The load average is displayed using three numbers (i.e. 0.45, 0.17, and 0.12) with command w, interpreted as CPU utilization within last minute, 5 minutes before, and 15 minutes before.

background process

You can put a job in the background by suffixing & to the command, i.e. updatedb &. Use CTRL-Z to suspend a foreground job and bg to put it running in the background. Use fg to bring a process back to foreground, and jobs to see a list of background jobs (-l option for showing PIDs).

ps command

For the BSD variation of ps command, use ps aux to display all processes of all users, and use ps axo <attributes> to specify a list of attributes to view.

For the SystemV variation of ps command, options need the dash prefixes and are different.
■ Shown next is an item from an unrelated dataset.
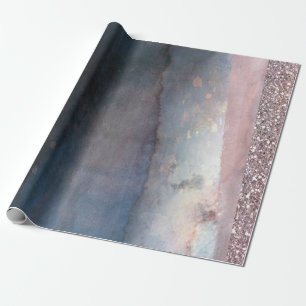 Papier Cadeau Fête moderne aquarelle bleu et rose or rose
Several useful ps combination should be remembered:

ps -l shows only your process related to this bash. Some columns explained:

  • F represents process flags, means this process's access
    • 4 means root
    • 1 means forked but not exec
  • S represents Status
    • R: running
    • S: sleep, idle, can be signaled to wakeup
    • D: usually doing I/O, cannot be wakeup
    • T: stop, might be under job control
    • Z: zombie, process terminated but cannot be moved out of memory
  • C represents CUP usage percentage
  • PRI/NI is short for priority/nice, means the priority for CPU to execute it. Smaller number means higher priority
  • ADDR/SZ/WCHAN related to memory, ADDR is a kernel function showing which part of memory; SZ means size; WCHAN means whether it is running ('-' means running)
  • TTY: user's terminal from logged in
  • TIME: CPU time used
  • CMD: command

ps aux shows all process. Some columns explained:

  • USER the process belongs to
  • PID that process has
  • %CPU usage
  • %MEM usage
  • VSZ virtual memory usage (Kbytes)
  • RSS physical memory usage (Kbytes)
  • TTY from which terminal, if pts/n, means logged in from remote terminal
  • STAT, status, shows the same as ps -l
  • TIME, actual CPU usage in time unit
  • COMMAND, which command triggered

ps -axjf shows all processes in a tree view fashion

pstree displays the processes running on the system in the form of a tree diagram showing the relationship between a process and its parent process and any other processes that it created, and threads displayed within {}.

  • pstree [-A|U] [-up]
  • -A: use ASCII char to represent tree
  • -U: use UTF char to represent tree
  • -p: show process PID
  • -u: show process user
top command

top gives an over view of system performance live over time.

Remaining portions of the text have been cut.